Bis zu dem Tag der Aufstellung hatte ich jeden Tag das Bild meiner gegeneinander kämpfenden Eltern vor Augen, diese in meinen Augen furchtbare und schreckliche Ehe. Ich selbst war von diesen Erfahrungen so blockiert, dass sie mich behinderten und meinem Leben im Weg standen.

Gleichzeitig wuchs meine Wut auf meine Mutter, nicht für mich da gewesen zu sein, obwohl ich sie als Kind gebraucht hätte. Mein Wunsch war es, damit Frieden zu schließen.

Auch der Vater meines Vaters (mein Großvater) und der Bruder meines Vaters (mein Onkel) waren und sind alkoholkrank. An dieser Stelle hast du, Renate, mir einen wichtigen Satz mitgegeben, der lautete: „Sucht kommt von Suchen.“ Und an dem Punkt haben wir mit der Aufstellung begonnen.

Der Ausgang hat schlussendlich so viel Klarheit und Verständnis in meine Welt gebracht, dass ich damit jetzt sehr gut leben kann und in Balance bin. Das Bild meiner Eltern vor meinen Augen ist verschwunden und ich sehe meine Eltern jetzt endlich als zwei getrennte Personen in getrennten Bildern. Das beruhigt mich ungemein.

Die Wut auf meine Mutter ist vollends verschwunden. Ich habe gesehen, dass sie mich sehr liebt. Auch meinem Vater bin ich nicht mehr böse und seine Alkoholkrankheit steht nicht mehr zwischen uns.

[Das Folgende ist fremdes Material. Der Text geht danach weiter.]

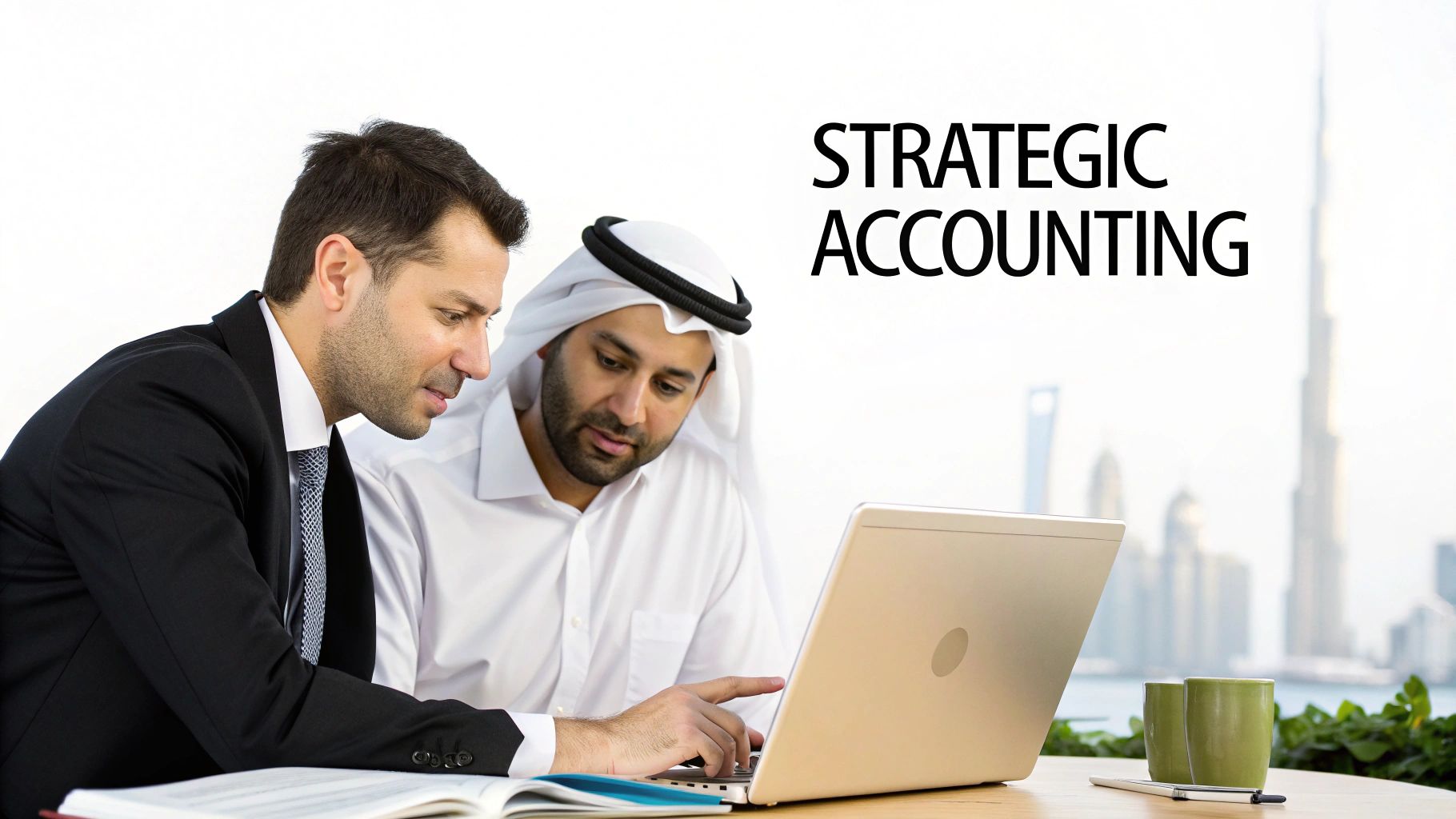 Two diverse businessmen, one in a suit and one in traditional attire, discuss on a laptop with 'Strategic Accounting' text.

Das mir einst täglich vor Augen erschienene Bild meiner Eltern im Kampf ist verschwunden. Ich kann meine Eltern endlich als zwei voneinander losgelöste Personen sehen, jeder in seinem Universum seinen Weg gehend.

Ich habe gelernt: Ich muss nicht die Starke sein, die ihren Gefühlen keinen freien Raum geben kann. Ich lerne jetzt täglich, dass ich auch loslassen kann und weinen kann, wenn mir nach weinen zumute ist. Und dass ich meinen Emotionen Raum geben darf.

Seit der Aufstellung fühle ich mich so viel leichter und gleichzeitig werden viele andere Themen in meinem Leben mit geklärt. Ich merke mehr und mehr meine innere emotionale Weichheit (und weiß diese zu schätzen) und bin dadurch bereit, Nähe zuzulassen und Beziehungen einzugehen. Und das scheine ich auch nach außen auszustrahlen, denn ich wurde mittlerweile mehrfach unverhofft auf meine zufriedene Seele angesprochen.

Ich möchte sagen, ich habe mit der Beziehung meiner Eltern Frieden gefunden und das macht mich sehr glücklich. Was für ein Geschenk! Und daher nun diese Mail. Ich möchte dir DANKE sagen. Das Novemberwochenende bei dir in Berlin hat mein Leben letztendlich ein Stück weit aufgeräumt. Ich danke dir für deine Geduld, dein Einfühlungsvermögen, deine Klarheit, die Dinge zu sehen, deine Erfahrung, deine Wärme und den Rahmen, den du für die Aufstellungen geschaffen hast. Ich bin so dankbar, dass das Jahr einen so tollen Ausklang für mich gefunden hat.“

Liebe Carmen, von ganzem Herzen danke ich dir. Es ist so heilsam, wenn wir die Eltern so sehen wie sie sind: Zwei besondere Menschen, eingebunden in ihre Geschichte. Dann dürfen wir sie lassen, so wie sie sind und dürfen sie auch so lieb haben, genau so wie sie sind.

Neue innere Bilder

Wenn sich die Eltern anhaltend und immer wieder streiten bleiben Angstgefühle, Gefühle der Ohnmacht und Verzweiflung in unserem Körper gespeichert. Es ist eine große Chance der Aufstellungsarbeit, dass wir durch neue innere Bilder diese Gefühle wandeln können. Es ist wie eine Erlösung.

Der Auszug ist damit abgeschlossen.